What a pity that this measure of sanity is abandoned where Israel is concerned.

Let us call the childrens' deaths in Qana what they are: a horrific freak of war. They were not intended; they were not actively sought; and they were not the product of criminal negligence. In weeks of war and thousands of sorties against a foe that intentionally hides amongst civilians in the active hope of just this manner of carnage, the remarkable fact is that this hasn't happened before. Contrary to founding advocates of airpower -- and unlike its battlefield foes -- Israel does not seek the death of civilians for their own sake. Pace the rationalizations extended to Allied aircrews obliterating Western European villagers unfortunate enough to live near a rail junction, Israel does not even regard acceptance of this manner of death -- unintended, incidental, and not worth especial efforts to preclude -- as acceptable within the moral parameters of war. The uninformed and the insane will react with bitter derision upon being told this, on the heels of the news from Qana: but their emotional self-indulgence does not negate the fact at hand.

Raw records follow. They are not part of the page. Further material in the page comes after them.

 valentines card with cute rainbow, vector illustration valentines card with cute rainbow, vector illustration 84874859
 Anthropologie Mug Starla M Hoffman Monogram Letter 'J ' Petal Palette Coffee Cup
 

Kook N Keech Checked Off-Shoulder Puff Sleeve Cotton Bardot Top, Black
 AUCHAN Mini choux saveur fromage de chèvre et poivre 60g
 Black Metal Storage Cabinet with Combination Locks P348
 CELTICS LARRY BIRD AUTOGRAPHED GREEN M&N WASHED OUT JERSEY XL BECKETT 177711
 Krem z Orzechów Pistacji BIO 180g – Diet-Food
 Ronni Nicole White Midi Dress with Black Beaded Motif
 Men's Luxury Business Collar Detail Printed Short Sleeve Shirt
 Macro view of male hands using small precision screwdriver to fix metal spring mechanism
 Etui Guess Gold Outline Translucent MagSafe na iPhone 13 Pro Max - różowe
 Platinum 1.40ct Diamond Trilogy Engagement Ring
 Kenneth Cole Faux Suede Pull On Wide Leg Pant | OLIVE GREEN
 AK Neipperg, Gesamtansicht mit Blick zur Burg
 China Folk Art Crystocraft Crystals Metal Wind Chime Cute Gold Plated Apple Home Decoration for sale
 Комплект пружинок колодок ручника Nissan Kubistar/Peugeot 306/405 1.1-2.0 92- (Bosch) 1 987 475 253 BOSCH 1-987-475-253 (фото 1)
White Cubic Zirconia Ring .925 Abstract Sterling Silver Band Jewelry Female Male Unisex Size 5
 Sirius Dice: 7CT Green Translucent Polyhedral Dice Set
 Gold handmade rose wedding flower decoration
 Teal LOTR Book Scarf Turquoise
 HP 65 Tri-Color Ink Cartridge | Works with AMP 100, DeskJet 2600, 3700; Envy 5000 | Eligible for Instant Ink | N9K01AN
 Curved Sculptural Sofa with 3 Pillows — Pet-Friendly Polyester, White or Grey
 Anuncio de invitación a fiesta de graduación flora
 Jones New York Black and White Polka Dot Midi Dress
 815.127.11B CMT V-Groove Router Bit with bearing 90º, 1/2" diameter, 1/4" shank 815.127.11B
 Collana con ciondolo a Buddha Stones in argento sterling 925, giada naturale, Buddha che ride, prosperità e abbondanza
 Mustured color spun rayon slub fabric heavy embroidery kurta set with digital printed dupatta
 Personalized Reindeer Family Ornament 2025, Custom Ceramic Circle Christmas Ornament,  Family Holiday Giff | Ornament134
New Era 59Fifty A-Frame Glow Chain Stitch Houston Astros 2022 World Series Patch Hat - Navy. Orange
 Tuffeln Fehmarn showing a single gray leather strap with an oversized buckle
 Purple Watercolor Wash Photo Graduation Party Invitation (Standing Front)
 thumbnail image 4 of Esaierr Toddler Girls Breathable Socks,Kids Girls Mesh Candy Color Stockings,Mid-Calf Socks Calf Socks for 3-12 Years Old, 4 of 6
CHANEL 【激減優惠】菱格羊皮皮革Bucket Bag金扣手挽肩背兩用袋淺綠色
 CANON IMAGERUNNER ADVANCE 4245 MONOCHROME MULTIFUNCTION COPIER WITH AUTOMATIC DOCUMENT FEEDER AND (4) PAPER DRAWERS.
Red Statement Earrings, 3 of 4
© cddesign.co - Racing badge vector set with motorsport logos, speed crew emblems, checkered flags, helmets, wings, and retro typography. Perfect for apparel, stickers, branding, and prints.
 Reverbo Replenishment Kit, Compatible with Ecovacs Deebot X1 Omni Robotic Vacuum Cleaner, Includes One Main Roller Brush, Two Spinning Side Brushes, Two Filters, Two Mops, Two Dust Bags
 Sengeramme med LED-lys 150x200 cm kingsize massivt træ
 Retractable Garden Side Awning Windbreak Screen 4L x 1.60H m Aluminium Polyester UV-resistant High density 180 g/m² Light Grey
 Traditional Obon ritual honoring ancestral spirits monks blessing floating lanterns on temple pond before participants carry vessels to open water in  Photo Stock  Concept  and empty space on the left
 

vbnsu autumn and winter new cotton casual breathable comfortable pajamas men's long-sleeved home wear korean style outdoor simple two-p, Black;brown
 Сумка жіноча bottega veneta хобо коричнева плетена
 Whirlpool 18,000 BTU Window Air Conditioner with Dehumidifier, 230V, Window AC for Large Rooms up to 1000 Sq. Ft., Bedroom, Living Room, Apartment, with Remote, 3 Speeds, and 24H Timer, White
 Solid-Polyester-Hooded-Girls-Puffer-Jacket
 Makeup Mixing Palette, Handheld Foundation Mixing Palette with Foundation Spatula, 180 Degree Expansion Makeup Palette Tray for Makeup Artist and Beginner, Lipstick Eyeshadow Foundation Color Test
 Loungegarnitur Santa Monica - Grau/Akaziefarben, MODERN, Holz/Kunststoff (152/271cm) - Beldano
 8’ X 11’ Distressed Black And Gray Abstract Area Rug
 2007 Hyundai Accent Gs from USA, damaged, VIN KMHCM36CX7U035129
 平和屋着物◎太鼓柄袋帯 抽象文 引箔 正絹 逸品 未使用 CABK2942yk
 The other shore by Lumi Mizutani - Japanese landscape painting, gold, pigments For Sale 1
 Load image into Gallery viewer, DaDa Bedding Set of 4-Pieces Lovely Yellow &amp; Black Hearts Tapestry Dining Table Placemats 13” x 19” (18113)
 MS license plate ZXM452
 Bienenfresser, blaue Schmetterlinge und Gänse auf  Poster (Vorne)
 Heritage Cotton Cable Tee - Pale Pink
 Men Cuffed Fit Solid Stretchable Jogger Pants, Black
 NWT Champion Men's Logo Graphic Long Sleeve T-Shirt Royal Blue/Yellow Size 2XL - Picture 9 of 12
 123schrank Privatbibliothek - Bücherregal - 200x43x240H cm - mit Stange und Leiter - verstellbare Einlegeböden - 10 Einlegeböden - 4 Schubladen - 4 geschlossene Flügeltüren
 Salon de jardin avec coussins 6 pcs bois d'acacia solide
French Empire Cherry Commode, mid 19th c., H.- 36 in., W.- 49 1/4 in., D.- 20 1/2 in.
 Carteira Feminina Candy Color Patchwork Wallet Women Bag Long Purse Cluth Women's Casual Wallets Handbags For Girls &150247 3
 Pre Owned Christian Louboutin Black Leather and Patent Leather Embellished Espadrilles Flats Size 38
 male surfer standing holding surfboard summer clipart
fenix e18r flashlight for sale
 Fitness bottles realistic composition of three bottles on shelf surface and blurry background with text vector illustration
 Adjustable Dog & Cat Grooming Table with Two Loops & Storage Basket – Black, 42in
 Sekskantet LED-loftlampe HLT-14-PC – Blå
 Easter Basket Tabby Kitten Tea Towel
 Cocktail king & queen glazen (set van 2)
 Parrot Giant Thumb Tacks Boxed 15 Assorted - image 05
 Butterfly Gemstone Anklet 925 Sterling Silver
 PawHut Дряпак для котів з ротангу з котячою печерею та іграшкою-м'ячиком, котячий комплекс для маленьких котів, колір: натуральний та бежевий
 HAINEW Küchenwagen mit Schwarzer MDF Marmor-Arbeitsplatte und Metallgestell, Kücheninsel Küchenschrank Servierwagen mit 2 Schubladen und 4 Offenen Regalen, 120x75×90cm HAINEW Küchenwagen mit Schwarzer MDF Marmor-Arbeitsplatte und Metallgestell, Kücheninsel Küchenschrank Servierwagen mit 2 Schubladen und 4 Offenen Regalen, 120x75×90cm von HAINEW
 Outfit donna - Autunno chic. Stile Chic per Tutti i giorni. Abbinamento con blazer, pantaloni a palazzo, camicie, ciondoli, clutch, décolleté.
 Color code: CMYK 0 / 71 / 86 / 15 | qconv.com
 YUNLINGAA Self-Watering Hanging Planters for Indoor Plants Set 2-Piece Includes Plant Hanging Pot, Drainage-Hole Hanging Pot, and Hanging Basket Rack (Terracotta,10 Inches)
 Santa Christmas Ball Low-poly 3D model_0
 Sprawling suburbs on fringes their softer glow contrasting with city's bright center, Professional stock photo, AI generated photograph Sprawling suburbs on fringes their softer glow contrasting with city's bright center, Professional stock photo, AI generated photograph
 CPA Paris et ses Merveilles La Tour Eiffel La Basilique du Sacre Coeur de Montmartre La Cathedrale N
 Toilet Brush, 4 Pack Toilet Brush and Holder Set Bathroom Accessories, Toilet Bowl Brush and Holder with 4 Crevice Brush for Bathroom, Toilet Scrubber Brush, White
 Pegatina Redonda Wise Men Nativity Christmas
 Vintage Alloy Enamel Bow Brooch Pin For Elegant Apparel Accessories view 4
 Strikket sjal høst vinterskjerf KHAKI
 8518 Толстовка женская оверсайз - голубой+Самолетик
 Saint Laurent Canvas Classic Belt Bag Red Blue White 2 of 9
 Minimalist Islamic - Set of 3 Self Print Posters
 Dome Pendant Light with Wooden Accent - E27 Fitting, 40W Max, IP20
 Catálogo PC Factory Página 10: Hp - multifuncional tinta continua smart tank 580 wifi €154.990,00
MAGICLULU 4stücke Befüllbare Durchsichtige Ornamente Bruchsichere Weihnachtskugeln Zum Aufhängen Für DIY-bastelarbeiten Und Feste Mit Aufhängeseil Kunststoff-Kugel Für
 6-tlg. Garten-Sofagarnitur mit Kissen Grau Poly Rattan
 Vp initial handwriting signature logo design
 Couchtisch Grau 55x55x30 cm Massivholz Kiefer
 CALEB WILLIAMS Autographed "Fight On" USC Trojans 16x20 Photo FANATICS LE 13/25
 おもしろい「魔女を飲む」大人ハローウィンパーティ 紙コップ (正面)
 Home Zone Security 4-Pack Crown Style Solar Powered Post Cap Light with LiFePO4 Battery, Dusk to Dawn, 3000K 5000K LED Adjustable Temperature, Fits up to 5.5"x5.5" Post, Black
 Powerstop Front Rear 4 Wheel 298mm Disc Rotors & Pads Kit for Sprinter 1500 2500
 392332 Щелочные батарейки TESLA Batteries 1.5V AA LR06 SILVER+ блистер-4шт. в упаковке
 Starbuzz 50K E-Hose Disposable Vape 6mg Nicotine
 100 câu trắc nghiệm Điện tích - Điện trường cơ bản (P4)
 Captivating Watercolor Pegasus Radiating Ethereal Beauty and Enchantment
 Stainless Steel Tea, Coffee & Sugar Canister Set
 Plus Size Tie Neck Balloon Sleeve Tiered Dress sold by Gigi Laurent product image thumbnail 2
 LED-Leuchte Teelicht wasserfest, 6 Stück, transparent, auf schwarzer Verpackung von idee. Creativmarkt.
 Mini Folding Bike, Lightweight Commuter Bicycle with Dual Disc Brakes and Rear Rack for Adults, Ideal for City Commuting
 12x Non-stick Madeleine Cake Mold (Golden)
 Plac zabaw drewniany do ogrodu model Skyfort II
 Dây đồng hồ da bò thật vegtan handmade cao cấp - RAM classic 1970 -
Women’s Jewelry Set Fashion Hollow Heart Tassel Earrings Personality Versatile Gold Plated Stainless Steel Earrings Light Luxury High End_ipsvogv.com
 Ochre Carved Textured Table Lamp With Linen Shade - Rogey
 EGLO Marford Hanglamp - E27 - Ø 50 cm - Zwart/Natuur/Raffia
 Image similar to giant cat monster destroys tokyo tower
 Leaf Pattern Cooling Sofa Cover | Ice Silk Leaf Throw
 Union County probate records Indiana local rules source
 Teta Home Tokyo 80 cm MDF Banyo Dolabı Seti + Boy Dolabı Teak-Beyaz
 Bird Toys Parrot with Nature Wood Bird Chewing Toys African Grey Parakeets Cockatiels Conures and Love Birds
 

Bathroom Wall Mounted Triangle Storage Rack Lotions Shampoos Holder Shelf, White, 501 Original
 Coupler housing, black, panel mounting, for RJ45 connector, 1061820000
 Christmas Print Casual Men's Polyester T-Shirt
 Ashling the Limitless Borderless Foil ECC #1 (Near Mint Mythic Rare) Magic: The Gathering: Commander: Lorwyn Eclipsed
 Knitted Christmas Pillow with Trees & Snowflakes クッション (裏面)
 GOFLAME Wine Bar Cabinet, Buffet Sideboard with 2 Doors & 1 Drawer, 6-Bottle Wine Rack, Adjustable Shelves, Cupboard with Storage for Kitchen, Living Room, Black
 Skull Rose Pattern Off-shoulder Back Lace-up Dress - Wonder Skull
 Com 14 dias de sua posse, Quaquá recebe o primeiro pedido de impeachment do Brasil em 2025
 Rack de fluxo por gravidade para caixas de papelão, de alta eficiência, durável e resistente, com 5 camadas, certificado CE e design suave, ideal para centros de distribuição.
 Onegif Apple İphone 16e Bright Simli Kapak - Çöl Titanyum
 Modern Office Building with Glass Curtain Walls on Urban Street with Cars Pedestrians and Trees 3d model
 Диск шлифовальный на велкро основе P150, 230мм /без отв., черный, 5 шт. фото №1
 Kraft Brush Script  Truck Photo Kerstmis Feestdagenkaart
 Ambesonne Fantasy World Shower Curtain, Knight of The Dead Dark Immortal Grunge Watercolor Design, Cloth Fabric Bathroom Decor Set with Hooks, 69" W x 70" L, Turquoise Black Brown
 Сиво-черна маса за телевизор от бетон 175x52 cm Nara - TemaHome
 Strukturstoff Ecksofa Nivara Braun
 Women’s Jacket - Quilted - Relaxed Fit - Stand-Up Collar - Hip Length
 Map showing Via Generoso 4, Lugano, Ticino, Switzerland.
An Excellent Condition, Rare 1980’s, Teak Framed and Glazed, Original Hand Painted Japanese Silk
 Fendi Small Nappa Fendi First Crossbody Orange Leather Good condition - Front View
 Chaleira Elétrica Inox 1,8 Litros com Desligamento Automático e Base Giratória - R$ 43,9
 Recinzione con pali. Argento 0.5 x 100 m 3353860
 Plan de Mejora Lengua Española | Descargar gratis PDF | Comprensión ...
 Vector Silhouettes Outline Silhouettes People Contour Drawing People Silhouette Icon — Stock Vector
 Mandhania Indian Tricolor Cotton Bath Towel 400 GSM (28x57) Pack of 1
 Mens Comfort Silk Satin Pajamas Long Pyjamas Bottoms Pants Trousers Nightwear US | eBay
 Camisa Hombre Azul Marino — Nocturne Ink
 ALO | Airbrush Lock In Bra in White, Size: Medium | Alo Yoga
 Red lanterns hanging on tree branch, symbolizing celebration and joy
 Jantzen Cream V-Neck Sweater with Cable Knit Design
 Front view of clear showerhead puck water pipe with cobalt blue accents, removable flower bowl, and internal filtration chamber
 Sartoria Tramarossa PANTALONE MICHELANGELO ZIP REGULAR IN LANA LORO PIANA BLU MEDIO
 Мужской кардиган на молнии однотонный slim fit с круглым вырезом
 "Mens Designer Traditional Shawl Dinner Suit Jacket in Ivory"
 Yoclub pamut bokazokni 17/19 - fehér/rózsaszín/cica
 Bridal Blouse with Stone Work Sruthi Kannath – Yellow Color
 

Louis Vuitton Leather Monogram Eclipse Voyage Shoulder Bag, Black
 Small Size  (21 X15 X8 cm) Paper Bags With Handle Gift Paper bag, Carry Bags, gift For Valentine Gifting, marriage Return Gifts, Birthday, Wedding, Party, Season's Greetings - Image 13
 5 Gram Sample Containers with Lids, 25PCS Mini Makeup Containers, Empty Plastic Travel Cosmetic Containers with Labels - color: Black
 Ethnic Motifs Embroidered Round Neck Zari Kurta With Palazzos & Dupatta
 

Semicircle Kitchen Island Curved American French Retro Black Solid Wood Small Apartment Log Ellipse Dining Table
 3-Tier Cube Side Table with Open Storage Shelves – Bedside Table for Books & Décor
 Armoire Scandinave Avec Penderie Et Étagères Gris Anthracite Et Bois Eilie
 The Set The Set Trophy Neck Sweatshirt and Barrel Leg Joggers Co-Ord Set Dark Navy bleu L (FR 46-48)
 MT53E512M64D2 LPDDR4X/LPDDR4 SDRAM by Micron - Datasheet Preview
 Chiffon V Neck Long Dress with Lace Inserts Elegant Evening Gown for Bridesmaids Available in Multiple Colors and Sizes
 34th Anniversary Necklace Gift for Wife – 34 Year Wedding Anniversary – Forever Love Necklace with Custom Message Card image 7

Need it be said -- and it is a sign of our fallen age that it does need to be said -- Israel's enemy in this war operates under no such constraint. (One assumes that in bygone days, the difference between a Western democracy and a band of murderous savages would not need repeated explanation.) Hezbollah and the average Islamist do not shrink from direct assaults on civlians as such and as an end in itself. Indeed, it has been their sole tactic in this entire war. If they have not produced scenes of masses of dead children, it is not for lack of trying -- it is, after all, the only thing they try for. That they have not managed it is indicative of the confluence of blind luck and Israeli battlefield superiority. But give it time: give it infinite time to launch its rockets and try its luck, as the braying proponents of ceasefire would have it, and eventually we'll see Jewish children, too, incinerated in their sleep. The difference, of course, is that the perpetrators then will celebrate.

In a sane world, we would give thanks for Hezbollah's failure to murder, regret what has happened in Qana, and reaffirm the justice of the Israeli war. But this is not a sane world: in place of right and wrong, too many appear to operate in a universe of strong and weak (or, one suspects, Jew and non-Jew) -- and their sympathy goes to the weak, even if the weak is a shell of a polity married to a genocide-minded Muslim murder-front. For those of us with our sanity intact, we have but one message this morning for the IAF: keep bombing.


As my Russian-speaking compatriots would say, I sign under each word of it.